SODEMI’s strategy in Côte d’Ivoire illustrates the local value-addition approach that European partners want to see. The company’s upgraded mineral laboratory achieved ISO/IEC 17025:2025 accreditation in 2023, and Kone announced plans for gold and silver refining facilities to process metals locally before export. Last year, SODEMI discovered coltan deposits in the Issia department, positioning Côte d’Ivoire in the high-technology metals market that European manufacturers desperately need.
The conference’s finance panel will address practical questions about who is still lending and on what terms. African Development Bank experts called for new financial mechanisms last year to mitigate foreign exchange risk in African mining investments. Institutions like BERD and AFC are developing tools to hedge currency risks while maintaining affordable financing for sustainable projects.

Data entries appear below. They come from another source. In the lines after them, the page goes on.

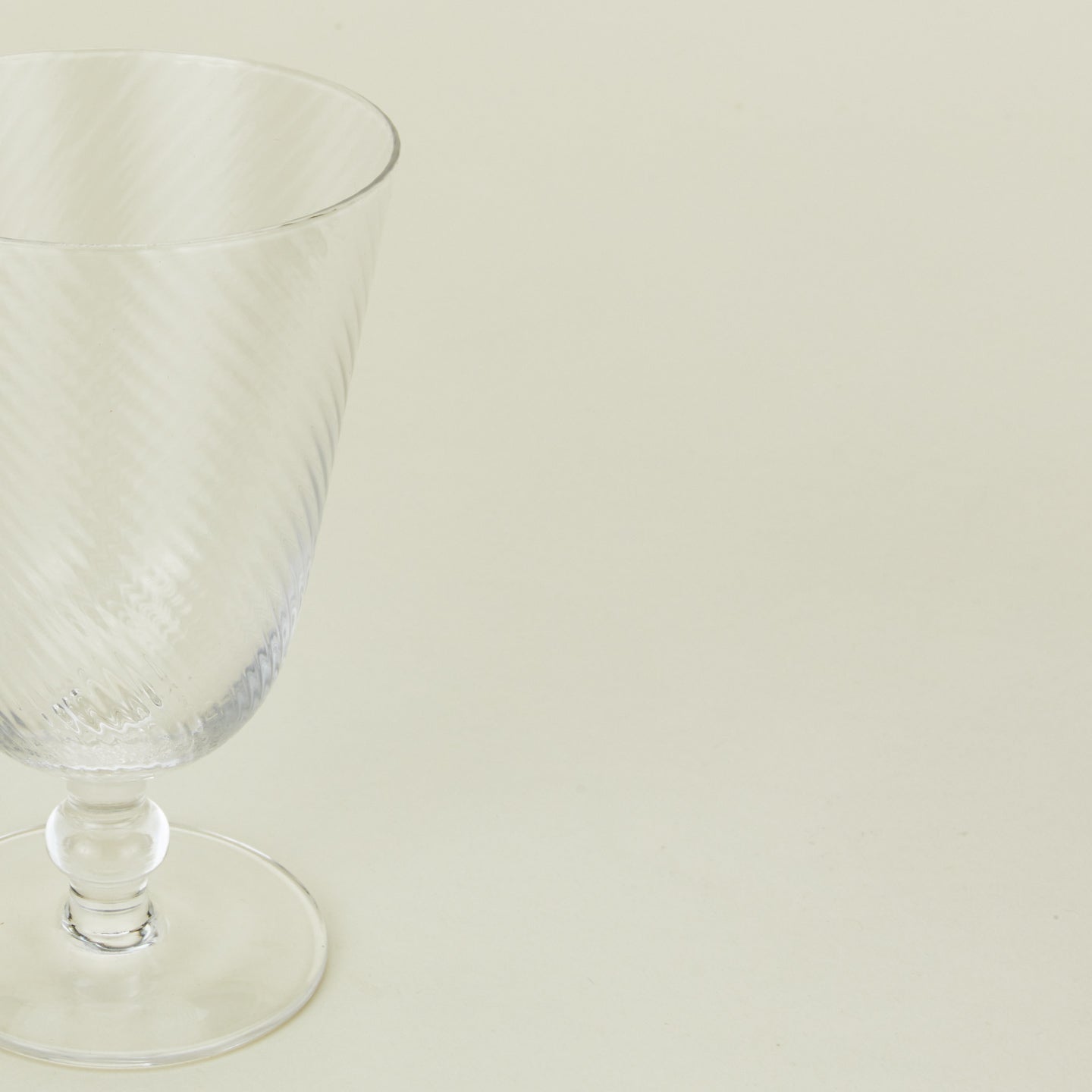 Close up view of optic goblet in clear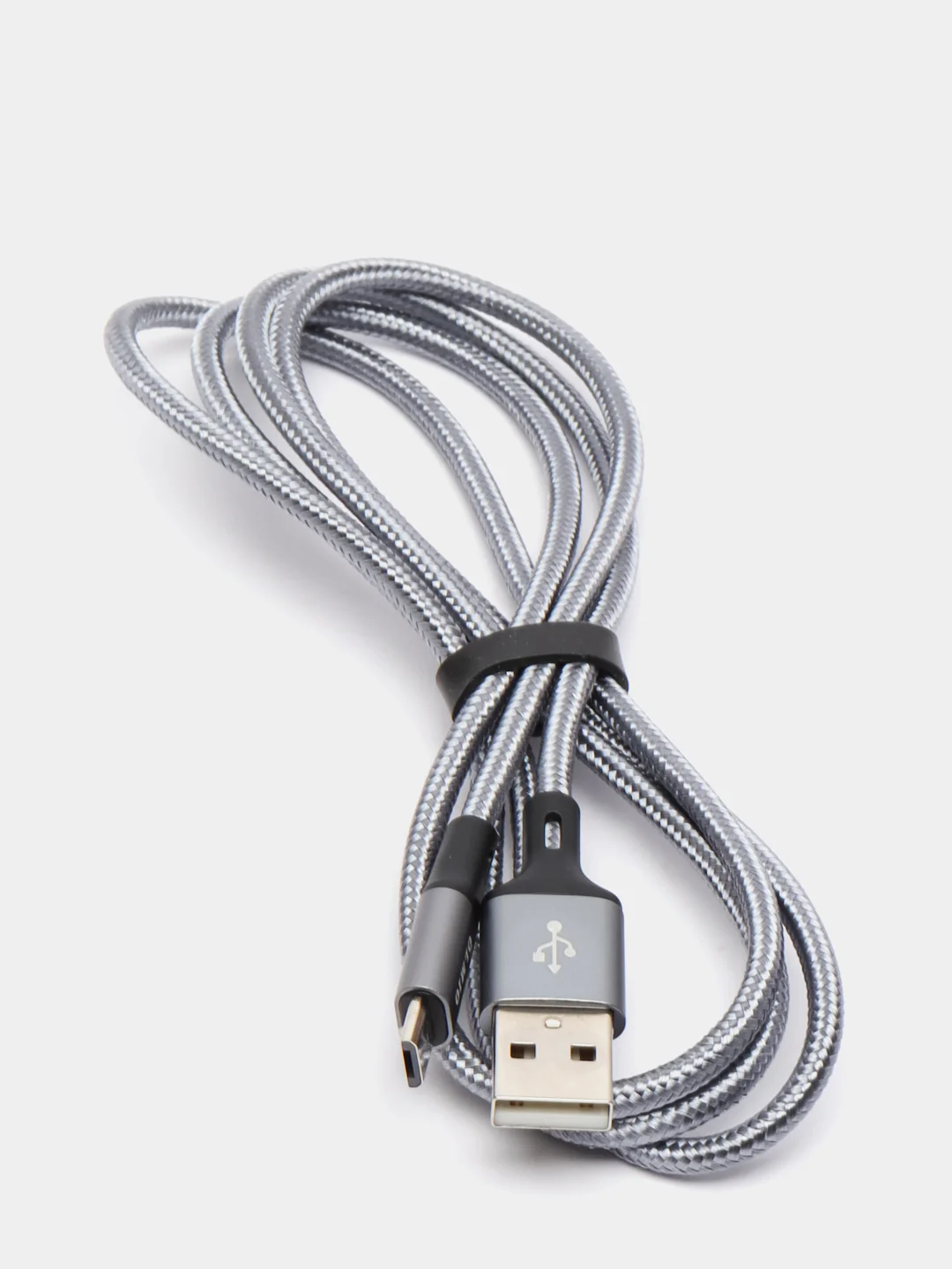 Серый кабель текстильный Olmio Basic, c быстрой зарядкой, micro USB, 1,2 м, 2,1 A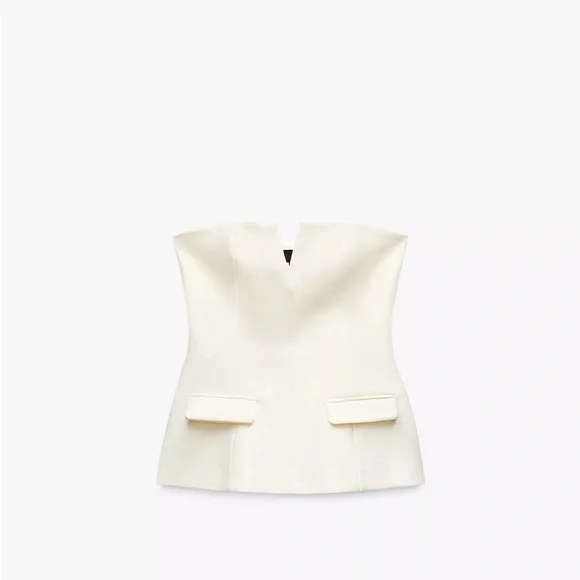 Zara Elegant Cream Strapless Top - Size Small - Picture 3 of 6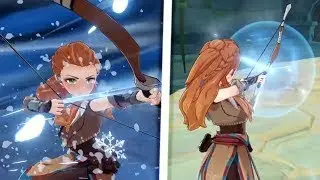 Aloy Full Gameplay Elemental Skill Burst & Showcase - Genshin Impact 2.1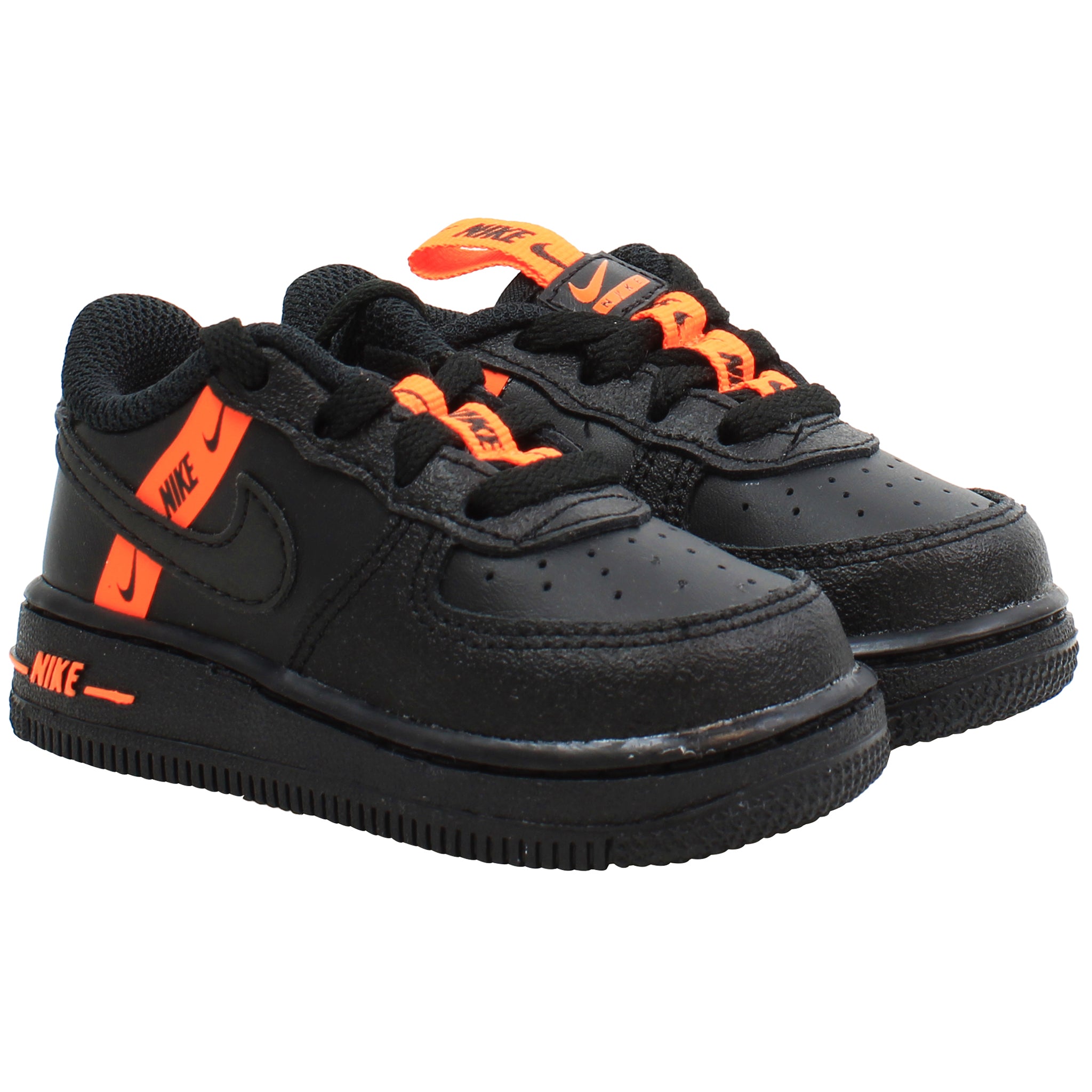 Nike Air Force 1 Flash Pack Kids Black Trainers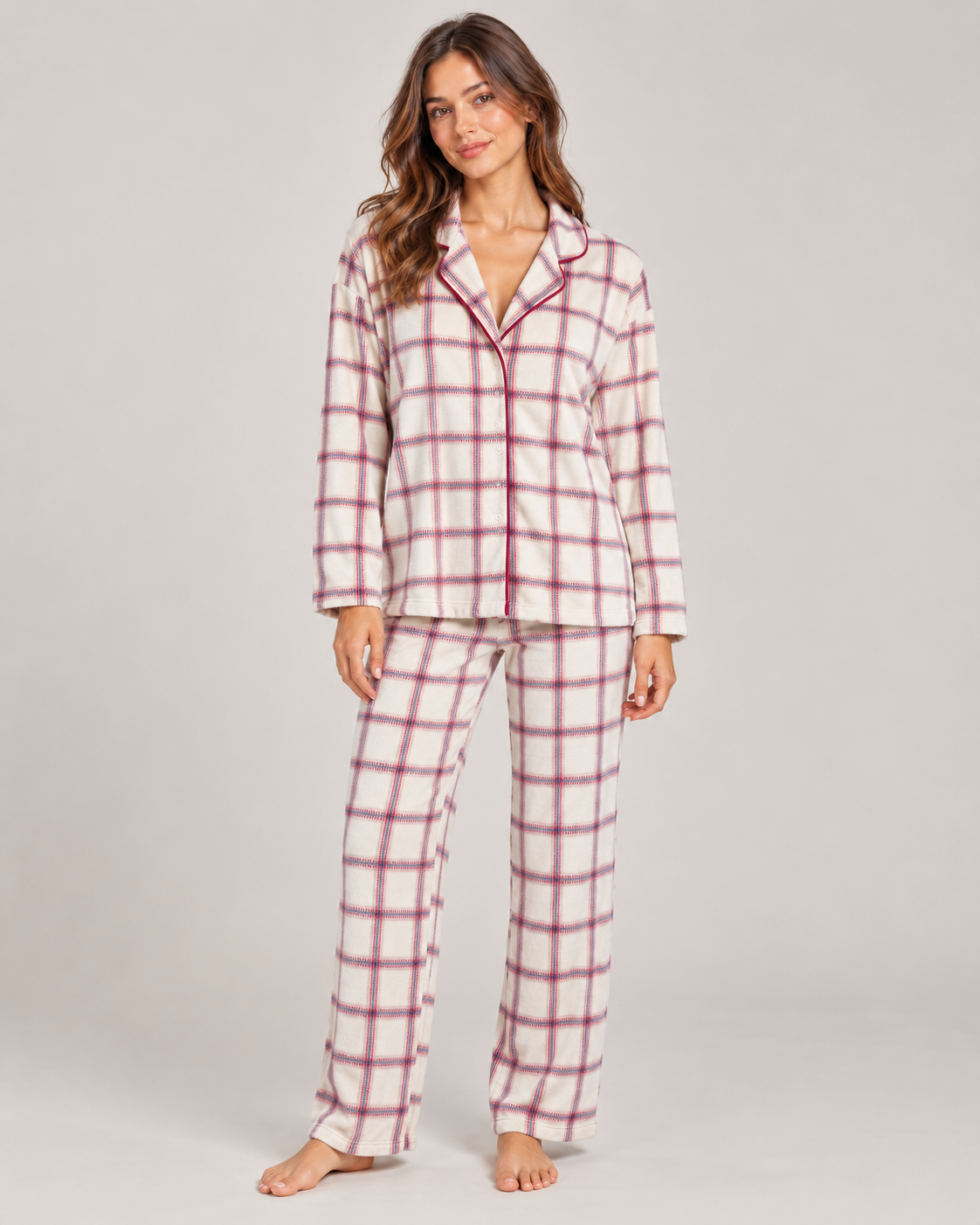 Checked Fleece Pyjama Set – Cream worn by a model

The regulatory framework panel will tackle the central question: how can African mining legislation align with global ESG standards without creating impossible compliance burdens. Speakers include Stéphane Brabant from Trinity LLP and Andrea Vissol from Belgium’s development agency ENABEL, representing the legal and policy expertise needed to bridge regulatory gaps.
No major new project announcements are expected at MOTA 2025, but the conference aims to establish frameworks for future partnerships. The focus will be on risk-mitigation mechanisms and partnership structures that can work for both sides.
Watch for announcements about green finance facilities specifically designed for African mining. The expansion of ESG-linked financial instruments in Africa for 2024-2025 includes sustainability bonds and concessional loans from institutions like AFC, but these require robust governance frameworks that many mining jurisdictions are still developing.
Partnership announcements between European technology providers and African state mining companies like SODEMI will signal progress on local capacity building. These deals often include equipment financing, technical training and joint venture exploration that address both European supply security needs and African development goals.
MOTA 2025 operates under the theme ‘S’unir pour la prospérité: maximiser les bénéfices des richesses géologiques de l’Afrique’ – uniting for prosperity to maximise benefits from Africa’s geological wealth. The conference agenda emphasises ‘coopération gagnant-gagnant’, ‘attirer les investissements’ and ‘assurer transparence’ as core objectives.
These aren’t just conference slogans – they reflect the practical challenges facing both African governments and European investors. Creating truly mutually beneficial cooperation requires new financial instruments, regulatory frameworks and partnership structures that neither side has fully figured out yet.
MOTA 2025 runs 2-3 July at Meliá Paris La Défense, with registration available through the official conference website. The two-day schedule includes country presentations, policy panels and financing workshops designed to address both immediate capital needs and longer-term regulatory alignment.
The conference comes at a moment when both African governments and European investors need to make decisions about their next moves. Political timelines in countries like Guinea create pressure for concrete progress on investment frameworks. European regulatory timelines around ESG compliance mean that partnership structures agreed this year will determine which African mining operations can access European markets and financing through this year and beyond.
The discussions at MOTA 2025 will focus on immediate concerns – capital availability, governance structures and deal terms – but with an eye on fundamental questions about how Africa and Europe can create mining partnerships that actually work for both sides. The people in the room have the power to make those partnerships happen, but they’re negotiating in an environment where the old assumptions no longer apply.